Cabramatta Two Blues, colloquially known as Cabra, is an Australian rugby league football club that was originally formed in 1919 and then later completely formed as the Two Blues in 1939. They have always based from the Parramatta Junior Leagues, and their junior teams compete in the Parramatta District Junior Rugby League Association. They compete in the Ron Massey Cup and Sydney Shield however both sides did not field a side for the 2022 season in either competition.

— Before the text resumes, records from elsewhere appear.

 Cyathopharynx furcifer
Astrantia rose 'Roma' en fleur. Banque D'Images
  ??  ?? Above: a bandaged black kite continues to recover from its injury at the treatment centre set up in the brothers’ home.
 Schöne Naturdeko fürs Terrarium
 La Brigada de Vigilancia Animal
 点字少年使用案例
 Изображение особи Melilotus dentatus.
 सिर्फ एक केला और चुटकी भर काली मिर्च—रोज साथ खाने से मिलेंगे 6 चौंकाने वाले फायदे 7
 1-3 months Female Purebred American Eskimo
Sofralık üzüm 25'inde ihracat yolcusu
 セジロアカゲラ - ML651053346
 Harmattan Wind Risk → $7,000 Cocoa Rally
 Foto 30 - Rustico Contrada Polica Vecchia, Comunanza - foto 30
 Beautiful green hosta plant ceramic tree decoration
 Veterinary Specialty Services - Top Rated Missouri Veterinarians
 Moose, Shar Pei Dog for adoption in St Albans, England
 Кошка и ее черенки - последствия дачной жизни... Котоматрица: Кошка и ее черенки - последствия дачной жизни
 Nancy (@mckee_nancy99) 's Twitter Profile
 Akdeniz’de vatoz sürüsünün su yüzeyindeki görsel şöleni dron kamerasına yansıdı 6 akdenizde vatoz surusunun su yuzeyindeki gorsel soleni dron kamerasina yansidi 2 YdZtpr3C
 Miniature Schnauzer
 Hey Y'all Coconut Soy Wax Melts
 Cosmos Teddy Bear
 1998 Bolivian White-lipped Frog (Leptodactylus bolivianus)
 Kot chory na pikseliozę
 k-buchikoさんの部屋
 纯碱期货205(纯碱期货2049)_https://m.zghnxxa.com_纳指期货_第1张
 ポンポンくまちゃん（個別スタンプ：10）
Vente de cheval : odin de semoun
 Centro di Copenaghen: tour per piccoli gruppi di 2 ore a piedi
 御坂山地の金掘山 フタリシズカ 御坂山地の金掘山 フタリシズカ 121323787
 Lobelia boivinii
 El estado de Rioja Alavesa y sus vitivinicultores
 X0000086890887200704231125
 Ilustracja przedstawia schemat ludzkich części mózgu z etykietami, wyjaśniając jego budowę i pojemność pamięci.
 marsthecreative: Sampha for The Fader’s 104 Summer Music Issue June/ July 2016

They play out of the Cabramatta, New South Wales, Sports Ground Complex which can fit up to 5,000 spectators. The Two Blues have won numerous A-Grade Titles with their last Premiership received in 2002.

Ron Massey Cup
In 2011, Cabramatta won their first Ron Massey Cup in the final against Mount Pritchard Mounties.
In 2013, Cabramatta finished as minor premiers but failed to win the premiership that year.  In 2018, Cabramatta finished 3rd on the table at the end of the 2018 Ron Massey Cup season.  The Two Blues advanced to the preliminary final before being defeated 34-20 by St Mary's.

Playing Record
Sources: Rugby League Week, Big League, NSWRL Rugby League News, Sydney Morning Herald, Daily Telegraph (Sydney). 
The win–loss–draw record in the table below does not include Finals Series matches.

Sydney Shield
At the end of the regular season in the 2019 Sydney Shield competition, Cabramatta finished as minor premiers only losing 3 games in the process.
Cabramatta then reached the 2019 Sydney Shield grand final after defeating defending premiers East Campbelltown Eagles 42–16 at Kogarah Oval.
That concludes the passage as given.